The time window during which this can happen is rather slim, so I do not
think it is a serious issue, but I decided to open a bug report anyway,
because things are certainly working suboptimally here - it seems to me
that named
should be able to recover from such a sequence of events
just fine, serving the signed zone in the end.
This was found during release testing for BIND 9.16.8. I prepared
a crude patch which allows reliably triggering this issue in the
inline
system test:
diff --git a/bin/tests/system/inline/tests.sh b/bin/tests/system/inline/tests.sh
index 7d7df7487f4..430f6fcbb77 100755
--- a/bin/tests/system/inline/tests.sh
+++ b/bin/tests/system/inline/tests.sh
@@ -475,7 +475,9 @@ status=`expr $status + $ret`
n=`expr $n + 1`
echo_i "restart bump in the wire signer server ($n)"
ret=0
+export SKIPLOAD="bits"
start_server --noclean --restart --port ${PORT} inline ns3 || ret=1
+unset SKIPLOAD
if [ $ret != 0 ]; then echo_i "failed"; fi
status=`expr $status + $ret`
diff --git a/lib/dns/zone.c b/lib/dns/zone.c
index b8cd90b129a..57bb239c9d5 100644
--- a/lib/dns/zone.c
+++ b/lib/dns/zone.c
@@ -1995,6 +1995,16 @@ zone_load(dns_zone_t *zone, unsigned int flags, bool locked) {
REQUIRE(DNS_ZONE_VALID(zone));
+ {
+ char origin[DNS_NAME_FORMATSIZE];
+ char *skipload = getenv("SKIPLOAD");
+
+ dns_name_format(&zone->origin, origin, sizeof(origin));
+ if (skipload != NULL && !strcmp(skipload, origin)) {
+ return (ISC_R_SUCCESS);
+ }
+ }
+
if (!locked) {
LOCK_ZONE(zone);
}
Applying the above patch should result in:
I:inline:stop bump in the wire signer server (29)

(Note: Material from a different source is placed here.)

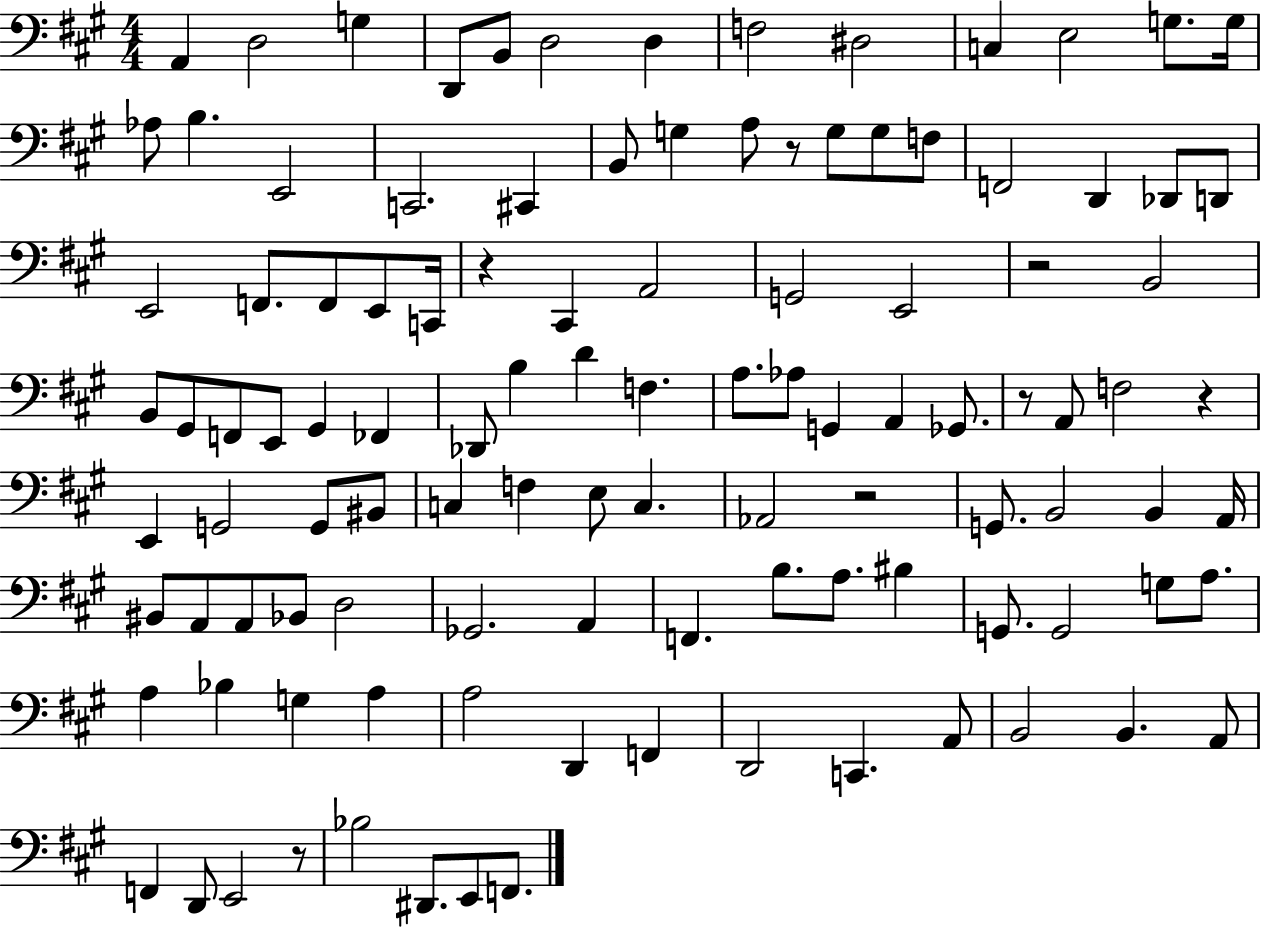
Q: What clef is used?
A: bass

I:inline:restart bump in the wire signer server (30)
I:inline:checking YYYYMMDDVV (2011072450) serial on hidden primary (31)
I:inline:checking YYYYMMDDVV (2011072450) serial in signed zone (32)
I:inline:failed
I:inline:checking YYYYMMDDVV (2011072450) serial on hidden primary, noixfr (33)
I:inline:checking YYYYMMDDVV (2011072450) serial in signed zone, noixfr (34)
and log lines similar to the ones quoted above appearing in
ns3/named.run
.
AFAICT, all maintained branches are affected.